THE SHASHI THAROOR COLUMN
Rights, a casualty?
AFP
A fallout of fighting terror ... new procedures for identification.
IF the first casualty of war is truth, has the first casualty of the war against terror been tolerance?
Recent developments around the world from the denial of visas to innocent travellers to intrusive checks, investigations and detentions have raised real concern, and not just in the minds of scare-mongers. In a recent report to Member States of the United Nations, Secretary-General Kofi Annan expressed his fear that the world may retreat from the progress it has made in human rights and democracy. Human rights, after all, have been threatened both by terrorism itself and by the methods that some States are using to combat it.
It's not that the Secretary-General is suggesting that terrorism should not be combated. As he said at a moving commemoration at the U.N. on the first anniversary of September 11: "There could be no greater affront to the spirit and purpose of the United Nations than the terrorist attacks of September 11. Everything that we work for, peace, development, health, freedom, is damaged by this horror. Everything that we believe in, respect for human life, justice, tolerance, pluralism and democracy, is threatened by it. It must be defeated by the world acting as one." But the question remains: how should the world act? Many Governments in the developing world have learned in recent years that one way to eliminate frustration and anger in their societies is through promoting the growth of democracy and the rule of law. In democratic societies there are roadmaps for non-violent dissent. Power relations between ethnic and religious groups and the State are mediated, and there are mechanisms (however imperfect) to obtain justice. Democratic systems offer hope for change without the need for violence.
Terrorism threatens democracies and autocracies alike. But just as we make the world a smaller and less secure place for terrorism's pyromaniacs, we must make it a less friendly and less receptive place for those regimes that repress their citizens, and thereby fuel the fire.
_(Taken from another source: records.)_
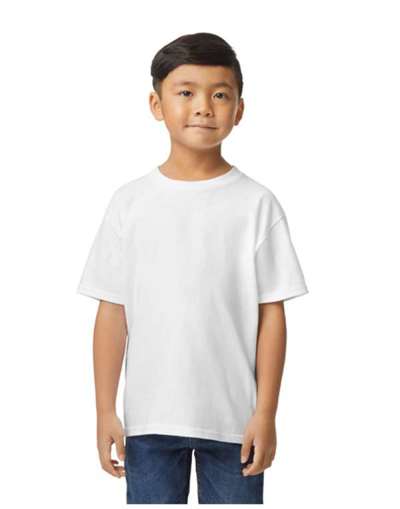 Softstyle Midweight Youth T Shirt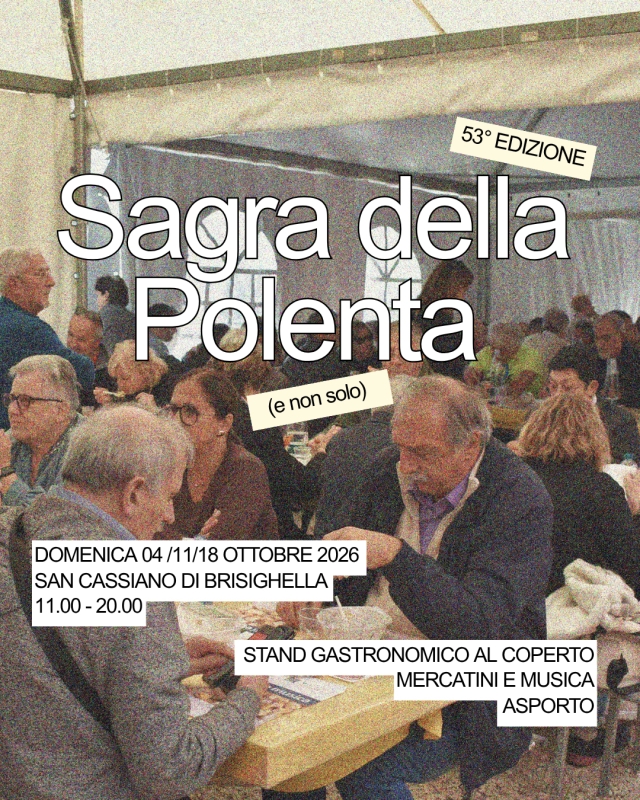 53a Sagra della Polenta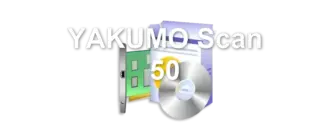 YAKUMO Scan 50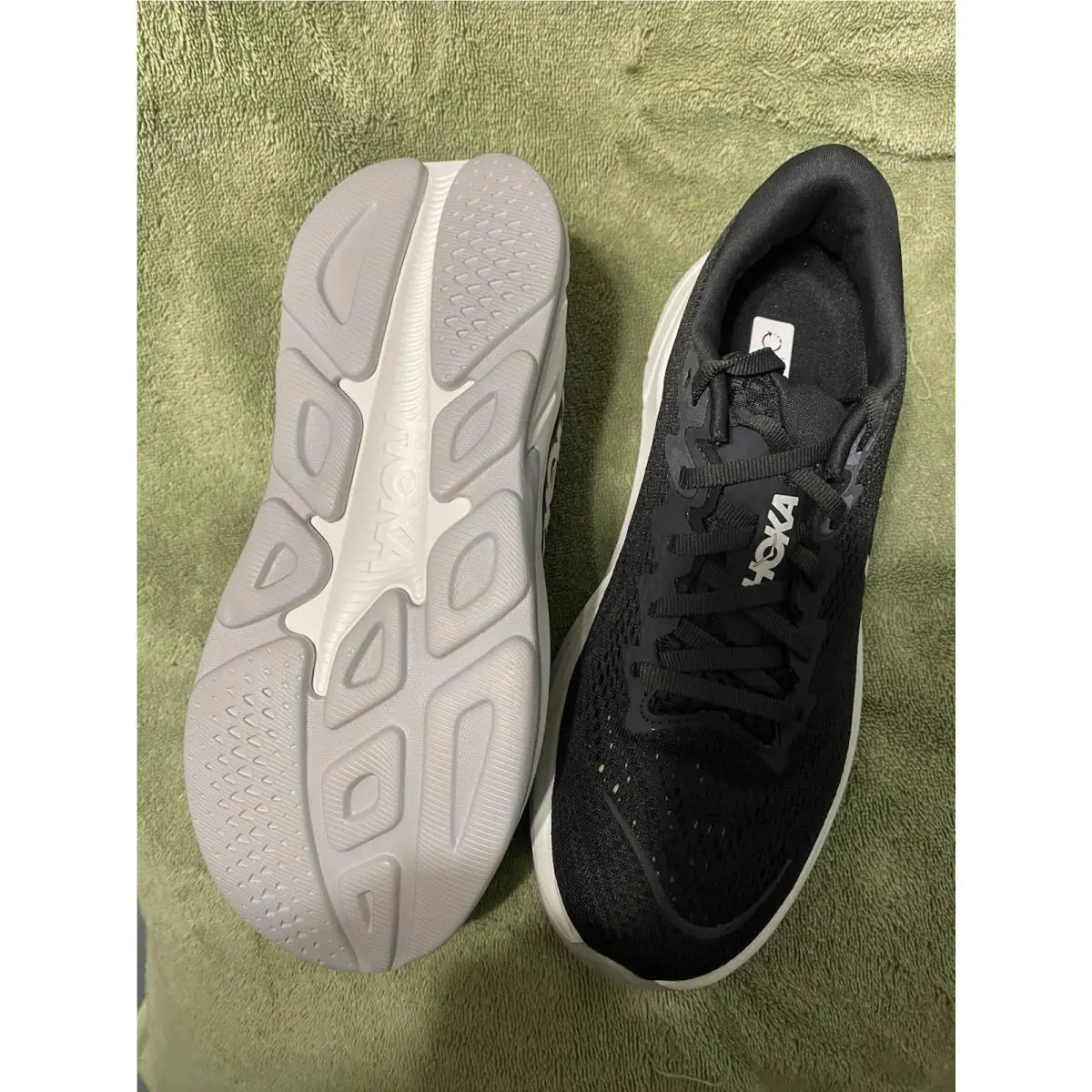 Hoka shoes - Black 1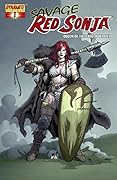 Savage Red Sonja: Queen Of The Frozen Wastes #1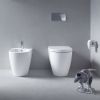 Duravit ME by Starck Floorstanding Toilet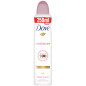 Deodorant antiperspirant, Dove Invisible Care Floral Touch - 250 ml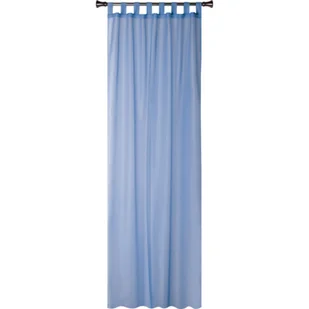 Firana z patkami DIANA 140 x 245 cm - Firany - miniaturka - grafika 1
The United Nations has increasingly been at the forefront of the promulgation and promotion of democracy, good governance and human rights and as these have become international norms, a dwindling number of U.N. members are autocratic regimes. Of course, democracy, like love, must come from within; it cannot be imposed from outside. But it can be encouraged, and supported. Democracies are not immune to terrorism, but their capacity to resist it is stronger.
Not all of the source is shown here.